L'Éridan est mentionné par Hésiode dans sa Théogonie[1] : fils d'Océan et de Téthys, il coule à l'occident du monde. Ἠριον / ērion signifie « sépulcre, tombeau », vraisemblablement au sens de « lieu sacré » (ἱερόν / hierón), et δανός / danós, « don, présent, offrande » mais ήρι a tardivement été compris comme signifiant « du matin » comme dans ήριγένεια / ērigéneia, « qui nait du matin »[note 1]. Du fait de son association avec des fleuves en territoire gaulois, le Pô et le Rhône (v. ci-dessous), on a également proposé une étymologie celtique. Xavier Delamarre propose ainsi une lecture « fleuve de l'ouest», composé de -eri « ouest » et -dānos « fleuve », formant un parallèle avec le nom du Rhône (Ro-dānos, « le grand fleuve »)[2].

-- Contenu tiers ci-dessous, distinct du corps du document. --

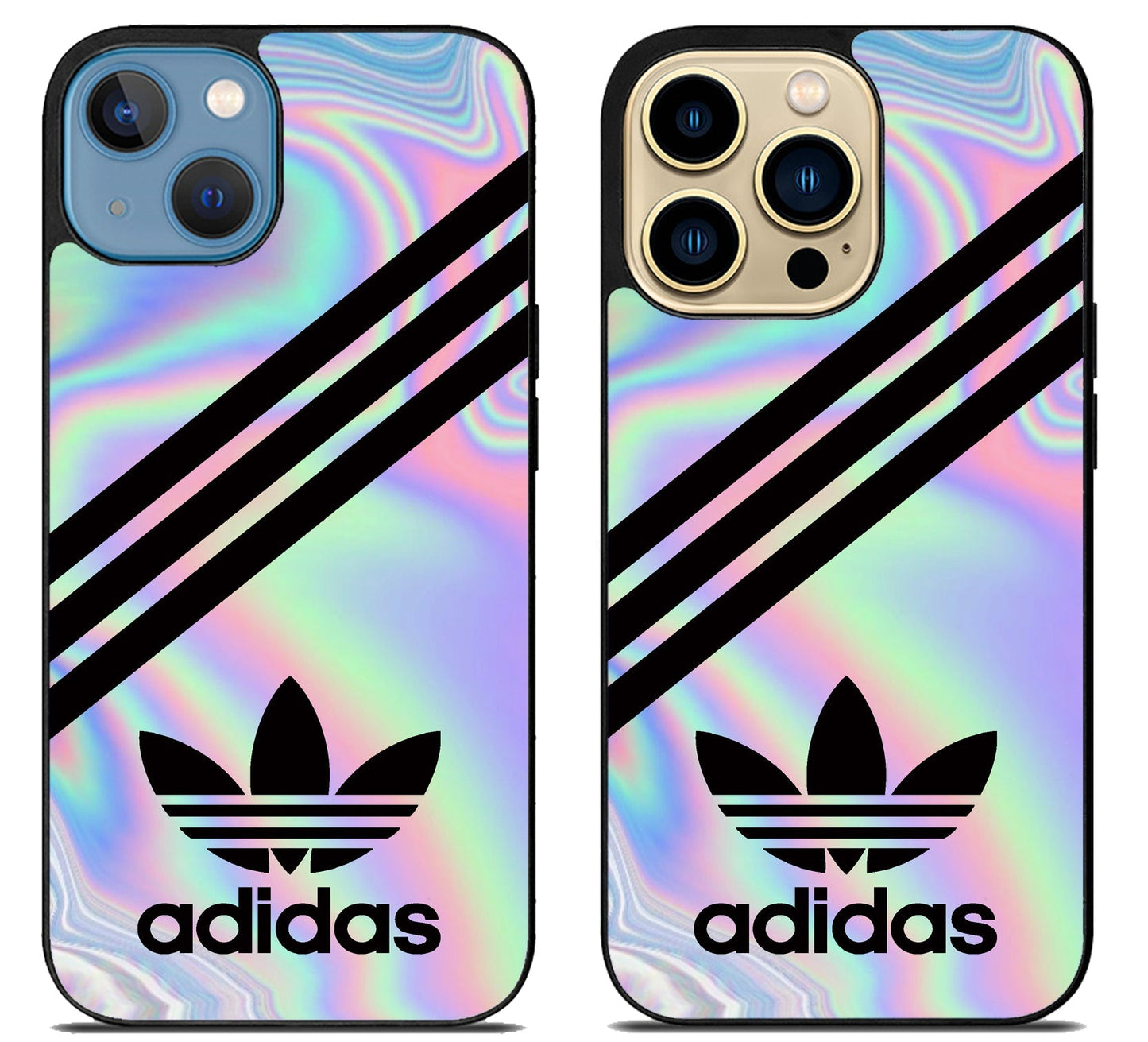 Adidas Logo Holographic iPhone 14 |  14 Plus | 14 Pro | 14 Pro Max Case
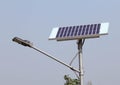 Closeup of Solar Street Light/lamp Royalty Free Stock Photo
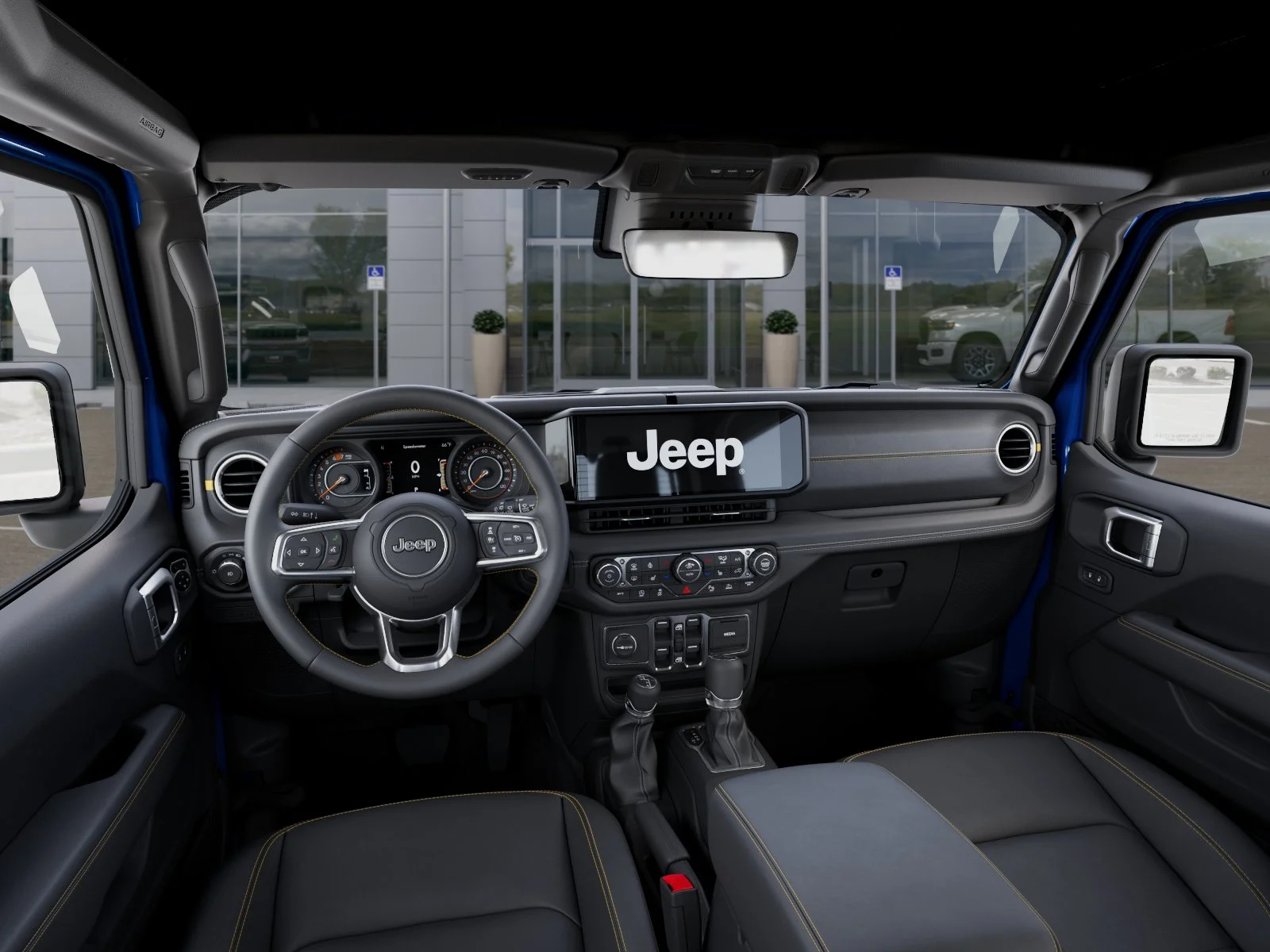 New 2026 Hydro Blue Pearl-Coat Exterior Paint Jeep Sahara image 37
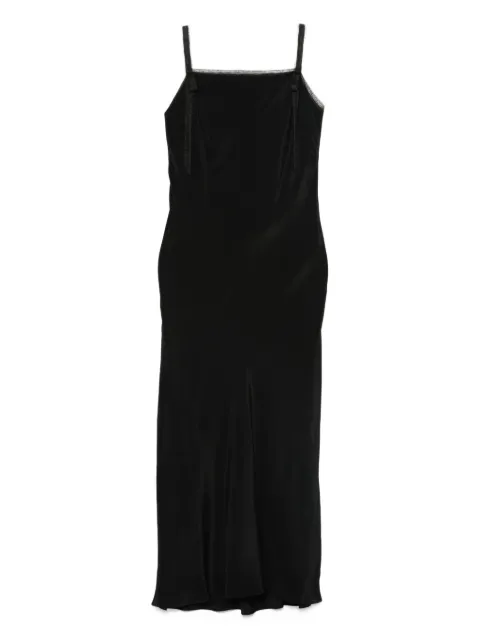 Rochas ribbon-trimmed slip dress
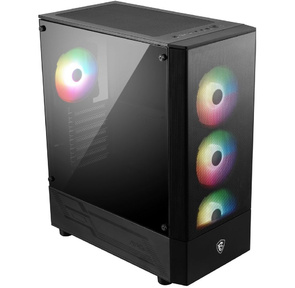 Корпус MidiTower MSI MAG FORGE 112R  (ATX,  2xUSB 3.2,  4x120mm ARGB Fan,  Front metal MESH,  TG)  (306-7G16X23-809)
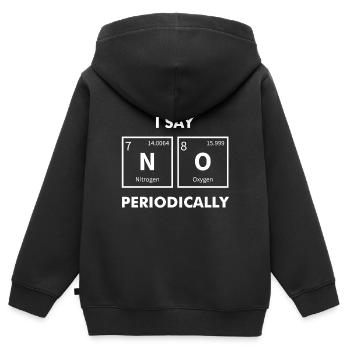 Nerd nerds element no - Sweat Premium à capuche zippé enfant bio - noir - Dos - AI Model Kid Male (0cm)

Allégorie du soleil couchant qui sera reprise par Ovide[3], selon Apollonios de Rhodes, Zeus y précipite par la foudre l'orgueilleuxPhaéton emporté sur un char du soleil incendiaire qu'il ne maîtrise plus[4]. Le bruissement des feuilles de peupliers noirs[note 2] qui le bordent est comparé aux pleurs des sœurs de la divinité déchue, les Héliades, et leurs larmes à l'ambre[5] qu'il charrie. C'est dans ses marais que la tradition hésiodique fait naître le cygne, oiseau fuyant les cieux, par transfiguration du demi-frère de Phaéton et roi de Ligurie, Cycnos, homonyme d'un fils de Pyrène, blanchi par le chagrin[6].
Diodore, tout en rappelant les légendes grecques[7], se fait le rapporteur de traditions propres aux Atlantes, habitants de l'Atlas[8], selon lesquelles, reprenant le thème du feu solaire se couchant dans une eau courante, les Titans jaloux de l'amour incestueux de leur sœur Basilée[note 3] pour leur frère Hypérion avaient fait noyer dans ce fleuve le fils de celui-ci, Hélios, « Soleil », dont le nom fut désormais consacré[9] à l'astre auparavant appelé Elector[10], Ήλέκτωρ c'est-à-dire « Brillant, Étincelant »[11].
Confondu par Eschyle avec le Rhône[10], aux bouches duquel fut installée la colonie phocéenne alors la plus occidentale, il a été tout aussi bien décrit comme un de ses affluents[16] ou de ses embranchements[17]. En tant que constellation du Fleuve[18], il a été également identifié au Nil[19], pays du dieu solaire Rê. Hérodote, qui le distinguait de ce dernier, récusait déjà, à cause du nom grec du fleuve, son identification, apparemment populaire au Ve siècle av. J.-C., au Rhin « qui se jette dans la mer du Nord » ou à la Vistule « par lequel, dit on, l'ambre est importé »[20],[note 4].
Pour les Athéniens, le nom du fleuve mythique a servi à désigner un affluent de l'Ilissos[21] coulant à l'ouest de la cité attique, près du Lycée[22].
Citations
« Ny les Phaëthontides sœurs Nous peuvent egaler és pleurs Qu'ils versent pour leur frere Tombé dans le fleuve Eridan. »
↑Dans le premier cas, on peut supposer une évocation des trésors sacrifiés aux fleuves, ce que reprennent les mythes qui y voient précitées un certain nombre de figures allégoriques évoquées par ces mêmes mythes. L'évocation des trésors enfouis dans les fleuves est renforcée dans ces mythes par l'association des idées de soleil, d'or, d'ambre et d'électrum, thème repris dans de nombreuses légendes comme celle de L'Or du Rhin de la Chanson des Nibelungen. Dans le second cas, on peut imaginer que le fleuve est poétiquement figuré comme étant celui qui conduit, durant la nuit, le soleil devenu invisible de l'ouest à l'est où celui-ci rejaillit au matin.
↑L'île nordique de Basilée, que Pythéas a reconnue (Pline l'Ancien, Histoire naturelle [détail des éditions] [lire en ligne], IV, 27) en ce que le controversé pasteur Jürgen Spanuth a identifié, à cause du nom principalement, à Heligoland ((en) M. Cary et E. H. Warmington, The Ancient Explorers, Penguin Books, 1963, p. 53 et suiv. ; Pierre Vidal-Naquet, L'Atlantide : petite histoire d'un mythe platonicien, Belles Lettres, 2005, p. 127.), était réputée, selon Diodore (V, 23), produire sinon exporter l'ambre.
↑Pline (XXXVII, 11) note que la route de l'ambre aboutissait aux bouches du Pô d'où il était embarqué pour la Grèce.